Start avoiding certain people who can be hurtful. You may make yourself lonely. But, you must learn to rejoice in solitude.
2. Talk to yourself
Tell your subconscious what you want of it.
Logic is only what you should know and that's all. Learn to keep your logical reasoning first.
Work on your facial expressions. In fact, don't give any. Keep a blank face, like when you would keep while playing poker.
3. Awareness and Observation
There’s a quote that says “you have to feel it to heal it” and this is the first and most difficult step.
Emotional pain feels different for everyone. You may experience sensations in various parts of your body such as tightness in your stomach, throat, or chest. While this can feel uncomfortable at first, it’s essential to take a moment to sit, breathe, bring your awareness to what’s happening in your body, and gently begin to talk yourself through it.

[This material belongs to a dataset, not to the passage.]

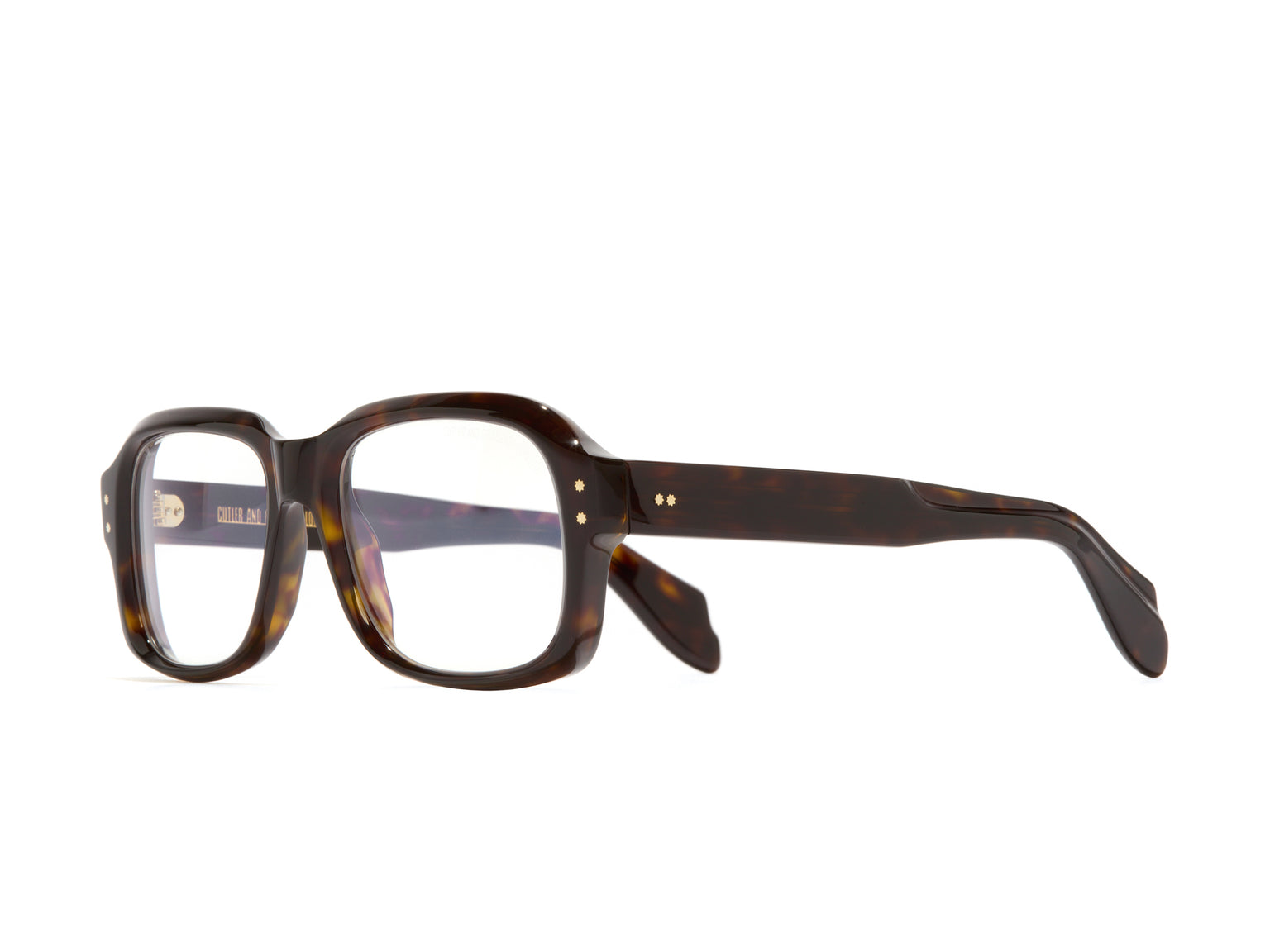 Cutler and Gross 9852 Rectangle (Dark Havana)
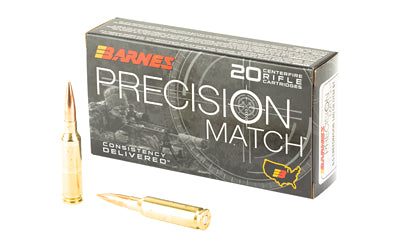 Barnes Precision Match Open Tip Match Boat Tail 140 Grain 6.5mm Creedmoor 2700 fps 716876022472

Strong emotions can trigger the fight or flight response, which can make your entire body tense up. You may feel your heart pounding, shortness of breath, trembling or shaking, and in severe cases, you may experience a panic attack.
4. Permit yourself to feel what comes up
Acknowledge that you are safe, these emotions cannot harm you and begin to slowly take a few deep breaths.
5. Non Judgement and Self-Compassion
As you begin to talk yourself through what you’re feeling and experiencing, it’s essential to do so with compassion and non-judgment. Judging yourself only causes guilt, shame, and more pain.
For example, if tears well up in your eyes, allow them to surface rather than telling yourself that it’s not okay to cry or to toughen up. Crying is not a sign of weakness, rather it takes strength to sit with and feel your pain.
Some people also judge themselves for feeling angry because they consider anger a negative emotion. Or, they believe they shouldn’t be angry with someone they love, such as their mother, father, or friend.
6. Self-care
If we’ve habitually neglected our bodies and ignored our emotions, we have to re-dedicate ourselves to body-mind self-care and indulge in healing habits that will bring in the feeling of well-being.
The goal is to realign back with your authentic self, reset back to a relaxed and open state, and come back into wellness and balance.
7. Seek help from those close to you
Asking for help can be awkward. However, it is one of the ways you can increase accountability. If you let someone know that you are trying to make specific changes in your life, it will increase the likelihood of your success. A strong support network can help you cope with your pain more effectively. You need to let others know what you are trying to achieve.
Final thoughts
Sometimes a therapist is needed to help when the emotional pain is just too much and you can’t get a grasp on it. There is nothing wrong with this, however, these painful events in life are just too much to expect a person to bear.
If you’ve experienced trauma, painful events can be experienced in your body as scary and overwhelming. You may need to learn self-soothing and containment skills to live to your fullest.